Merely stating that abstinence works is too simple. It is like proclaiming cold fusion exists in the absence of a theory that can predict the experimental results.
FreeSpeech.org
...to actually be working, does this place cold-fusion in a scientifically more advanced state the hot-fusion? After all, hot-fusion has a theory and little scientific proof that it can actually work and be sustained. On the other hand, if it's proven to be for real, cold fusion is proven to work and is simply lacking strong theory to explain everything.
Seems to me, the more viable and truly scientific work is going on with cold-fusion.
On one camp, we have tons and tons of money and theory and no experiment shown to support that theory (AFAIK; correct me as needed). On spite of this, hot-fusion is thought of as accepted and proven science.

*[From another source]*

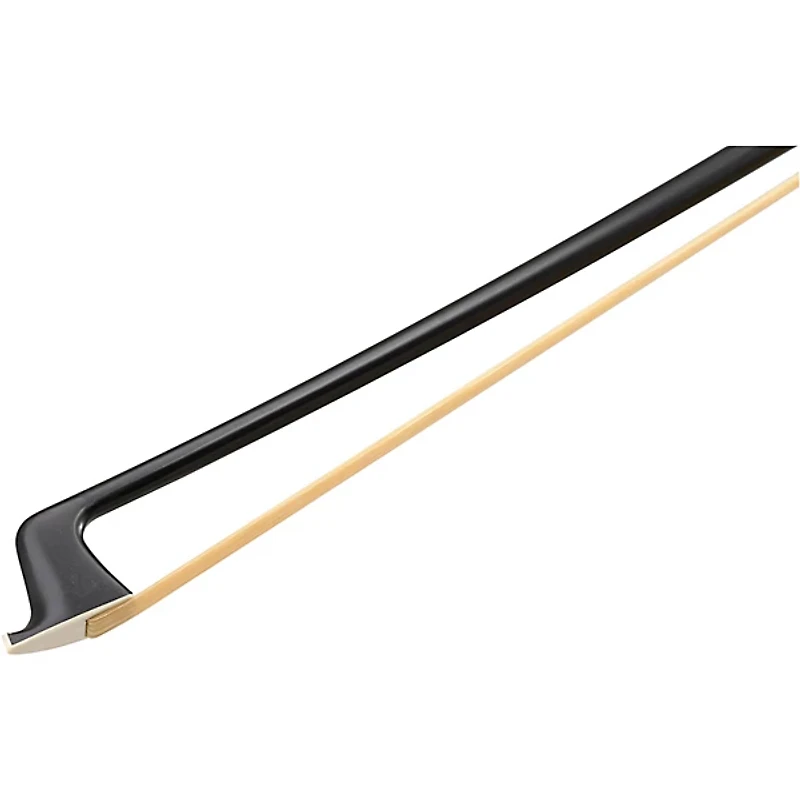 Artino Series Carbon Fiber Viola Bow 15-17-in.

In the other camp, we can scientists performing experiments which are roughly meeting or exceeding expectations and simply lacking in some portions of theory which might explain everything that is going on. In spite of this, cold-fusion is ignored and rejected.
Which is real science? Science finding new things it doesn't understand and attempts to explain or science failing to prove which it hopes might work, one day, given enough funding. Seems to me, hot-fusion is looking more like snake-oil than cold-fusion ever did. Cold-fusion, during the early days of just plain fraud, was quickly shown for what it is. The fact that two guys were invalidated hardly invalidates a whole field of study. My point? Would seem that many "scientists" and failing to look beyond their ego to do real science. If it's being peer reviewed and being replicated, that's science.